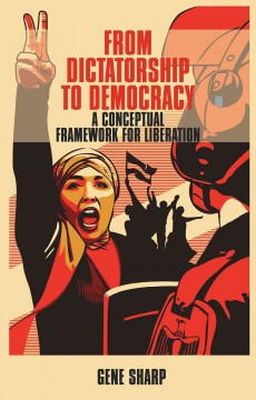 Gene Sharp - From Dictatorship to Democracy - 9781854251046 - V9781854251046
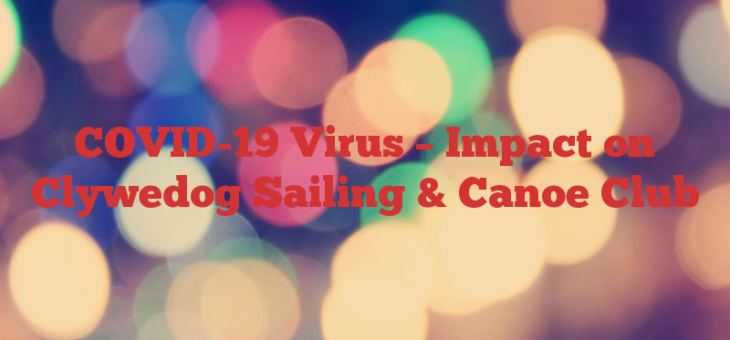 COVID-19 Virus – Impact on Clywedog Sailing & Canoe Club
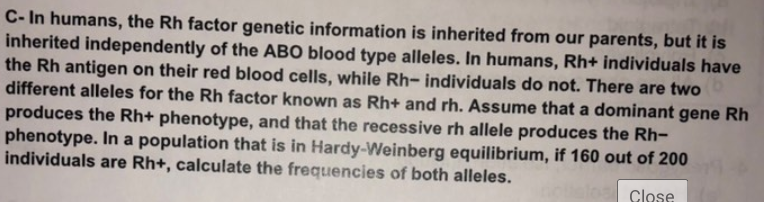 C-In humans, the Rh factor genetic information is inherited from our parents, but it is
inherited independently of the ABO blood type alleles. In humans, Rh+ individuals have
the Rh antigen on their red blood cells, while Rh- individuals do not. There are two b
different alleles for the Rh factor known as Rh+ and rh. Assume that a dominant gene Rh
produces the Rh+ phenotype, and that the recessive rh allele produces the Rh-
phenotype. In a population that is in Hardy-Weinberg equilibrium, if 160 out of 200
individuals are Rh+, calculate the frequencies of both alleles.
Close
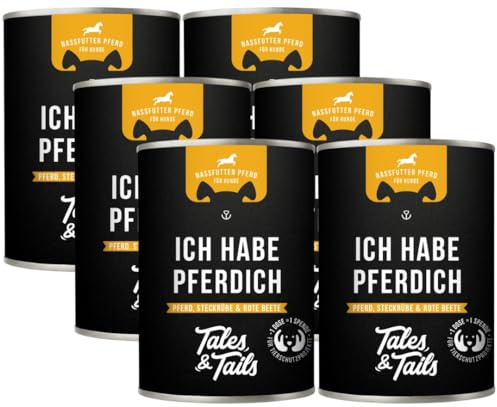 Tales & Tails Ich Habe Pferdich Nassfutter für Hunde | Mit 80% Pferd als tierische Proteinquelle | Monoprotein | Hohe Akzeptanz & Verträglichkeit | 6X 400g
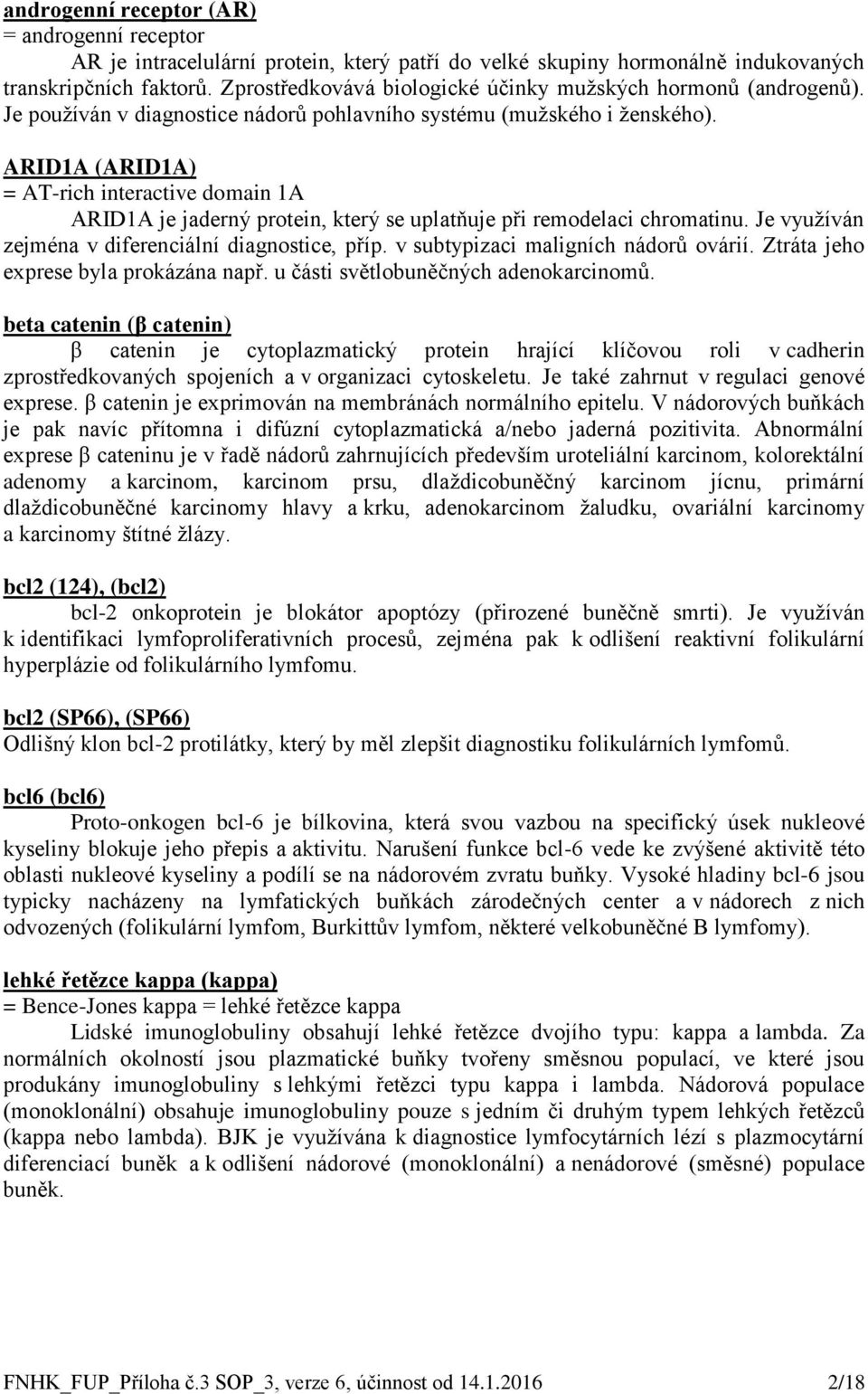 ARID1A (ARID1A) = AT-rich interactive domain 1A ARID1A je jaderný protein, který se uplatňuje při remodelaci chromatinu. Je využíván zejména v diferenciální diagnostice, příp.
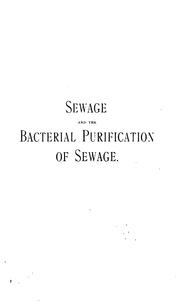 Cover of: Sewage and the bacteriaL purification of sewage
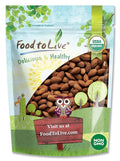 Food to Live Organic Dry Roasted Almonds 2.5 Pounds – Non-GMO Unsalted Vegan Keto Paleo Kosher Bulk High in Protein Dietary Fiber Vitamin E Copper Manganese Magnesium and Riboflavin.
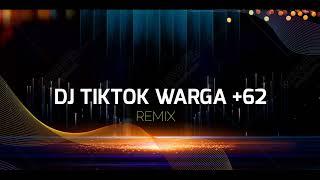 DJ TIKTOK VIRAL WARGA +62 DISTAN ( AG REMIX )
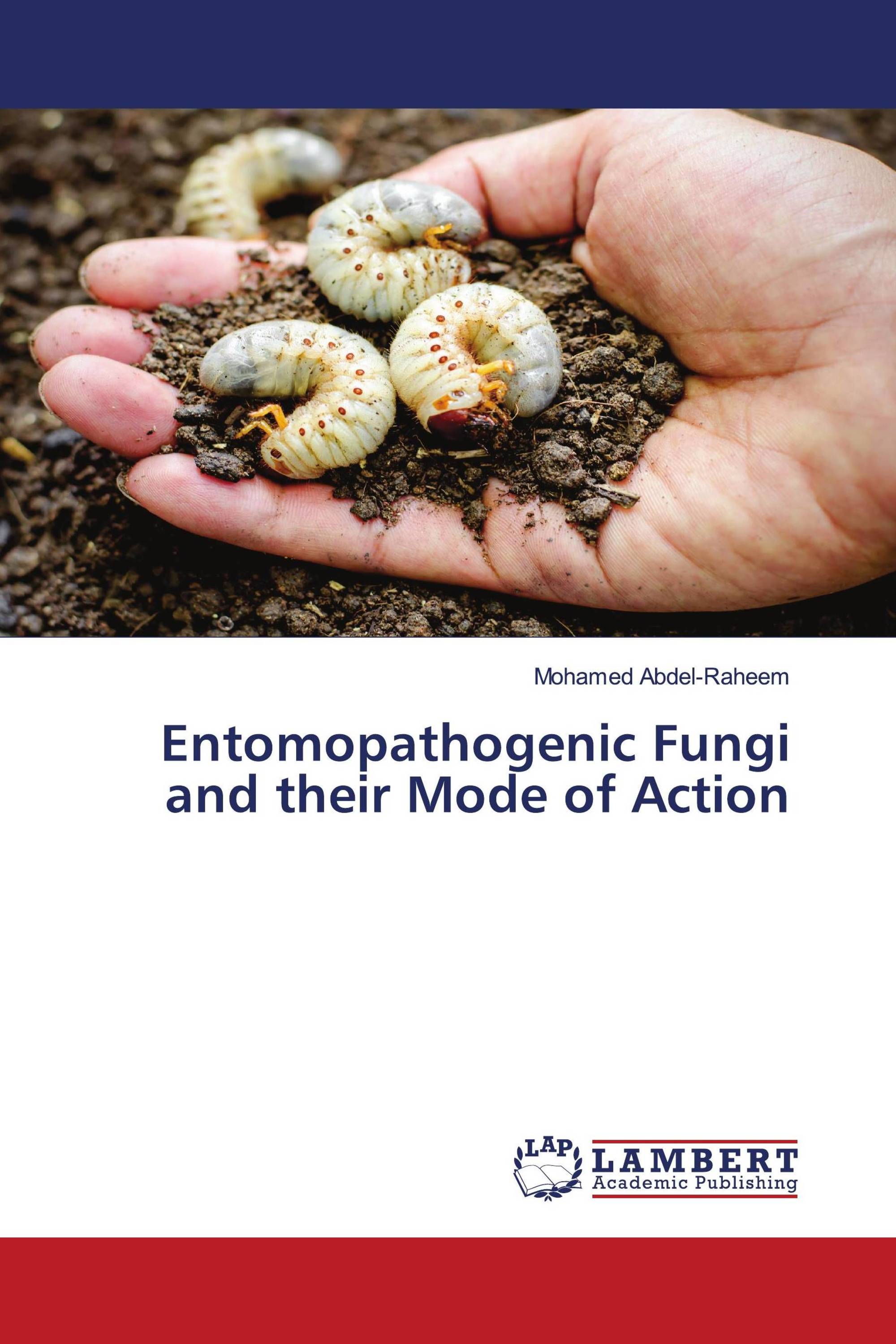 Entomopathogenic Fungi and their Mode of Action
....
WHAT TO PRODUCE
Only the lines from the one with "Cover of: Sewage" through the final line of the data should be written out, exactly and including both ends. Skip the pictures.

WORKED SOLUTION
 Cover of: Sewage and the bacteriaL purification of sewage
 Food to Live Organic Dry Roasted Almonds 2.5 Pounds – Non-GMO Unsalted Vegan Keto Paleo Kosher Bulk High in Protein Dietary Fiber Vitamin E Copper Manganese Magnesium and Riboflavin.
 DJ TIKTOK VIRAL WARGA +62 DISTAN ( AG REMIX )
 Entomopathogenic Fungi and their Mode of Action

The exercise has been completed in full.